Protest against the president of Ivory Coast has resulted in the deaths of civilians and the injury of many more. Security forces fired live bullets into crowds of thousands of protesters on Friday.
The Associated Press gathered that three people were killed and more than a dozen injured, after police opened fire on demonstrators.
Unrest began in the country on Thursday, February 17 when the president, Mr Gbagbo dissolved the government and the electoral commission following a row over voter registration.
The opposition says most of the people who were disqualified by the election commission were from ethnic groups in the north of the country, who were unlikely to support Mr Gbagbo in any vote.
The president said he disbanded the election commission, because its director, Mr. Robert Beugre Mambe, a member of an opposition party, had been running an illegal operation.
There are reports of demonstration against the government across several cities in the country.
Prime Minister Guillaume Soro, the leader of the ex-rebels, suspended judicial rulings on voter-enrollment because of the rising tensions. He was expected to form a new government by Saturday, nearly a week after a deadline from the President, for him “to put forward, by Monday, the format of a new, credible electoral commission who can organise”, ended.
Ivory Coast is under increasing international pressure to restart an electoral process that is meant to end a crisis sparked by a civil war in 2002 and 2003.

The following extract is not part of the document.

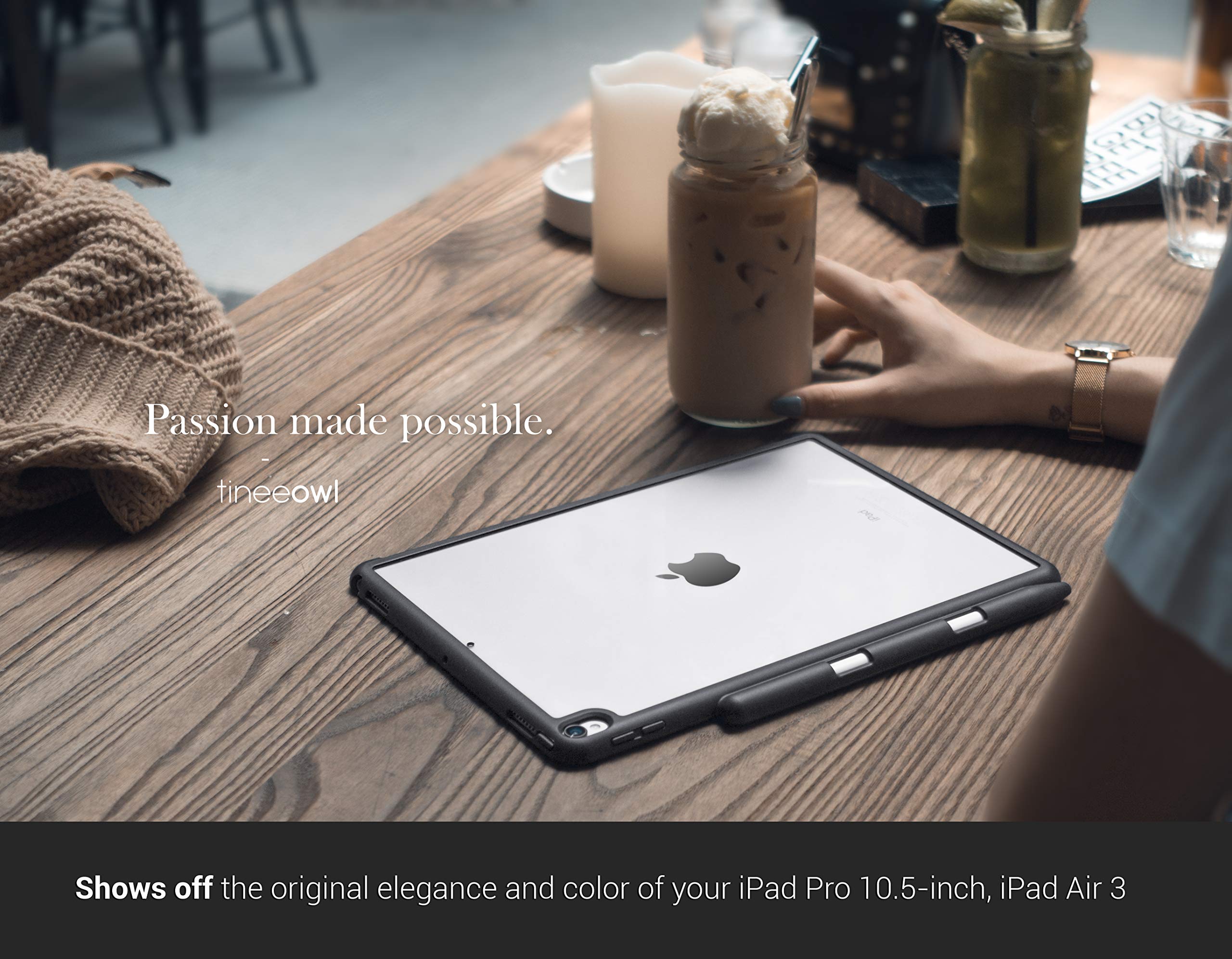 TineeOwl iPad Pro/Air 3 (10.5-inch) Protective Case with Apple Pencil Holder - Ultra Slim & Lightweight, Compatible with Apple Smart Keyboard & Smart Cover (Clear/Black) - Perfect for Work, Study & Travel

The opposition accuse the president of stalling on presidential elections, which have been delayed every year since 2005, would not accept any posts until the electoral commission is re-established.
Elections, last scheduled for 29 November 2009, have been postponed six times. And animosity between ethnic groups in western Ivory Coast continues to have a devastating impact on the local economy, nearly a year and a half after a military rebellion threw the country into crisis.
Although there is growing political tension in the Ivory Coast, the country’s cocoa deliveries have not been seriously disrupted.